Dédicace et débat dans les locaux de Consoleya, au centre-ville du Caire.
La réalité choquante
Dès les premières pages du roman, on saisit rapidement que Nouh Al-Rahimi, le personnage principal, représente les personnes médiocres, qui prétendent ou croient véritablement avoir du talent. Il essaie de se rapprocher des journalistes de la revue Porte de la vérité, pensant qu’ils étaient de vrais intellectuels, en ayant en tête de devenir un acteur de renommée.
Le romancier tourne en dérision un grand secteur du milieu culturel et artistique, ces soi-disant penseurs et ceux qui les croient. A travers les habitués du bar, il analyse ces sphères qui brillent de mille feux au loin. Il critique le rôle des intellectuels, met à nu leurs conflits et leurs manières d’interagir. Bar Layalina aborde aussi le rapport entre l’élite et le peuple, affirmant que l’un est le miroir de l’autre. Le langage de Nouh, le figurant, est assez simple et direct, face au jargon intellectuel, presque incompréhensible et emphatique.

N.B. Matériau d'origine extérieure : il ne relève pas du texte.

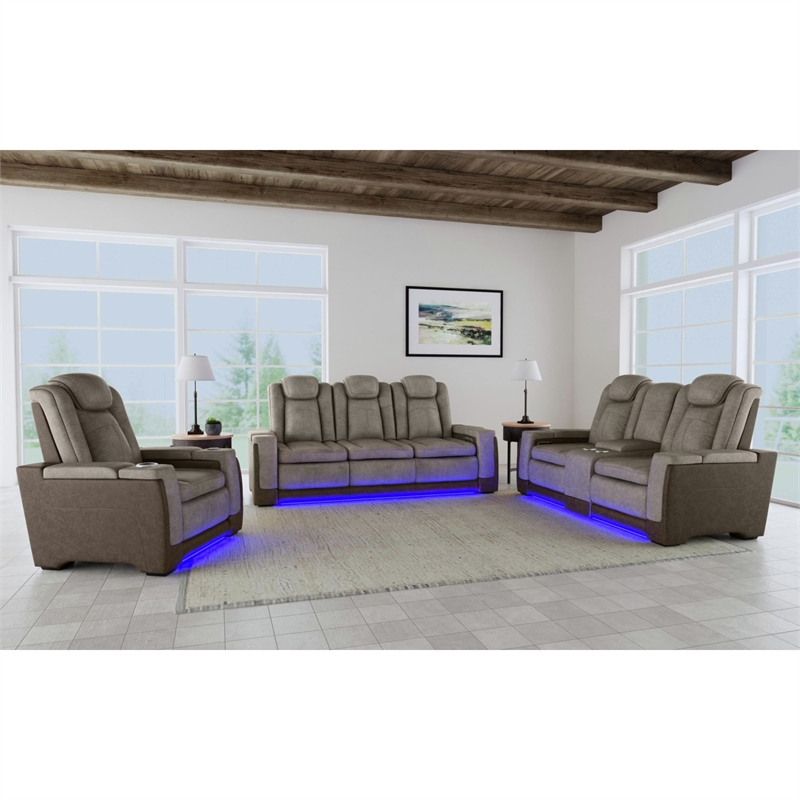 Picket House Furnishings Niven Power Motion Recliner in Rocky Gray/Brown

Au potentiel limité, il a décidé quand même de comprendre et d’imiter ces pseudo-intellectuels qui l’entourent. Et c’est là qu’il découvre leur côté mensonger, qu’ils sont « vides à l’intérieur ». Le roman met le lecteur en garde contre les imbéciles et les faux jetons. On finit par voir nous aussi qu’un imbécile ou un ignorant ne se rend jamais compte de sa bêtise et n’arrive pas à en mesurer l’ampleur. Du coup, il ne cherche pas à s’en débarrasser. La porte de la vérité, dans ce roman, s’ouvre sur tant de pourriture et de fragilité.
Bar Layalina, d’Ahmad Al-Fakharani, aux éditions Al-Shorouk, 2022, 152 pages.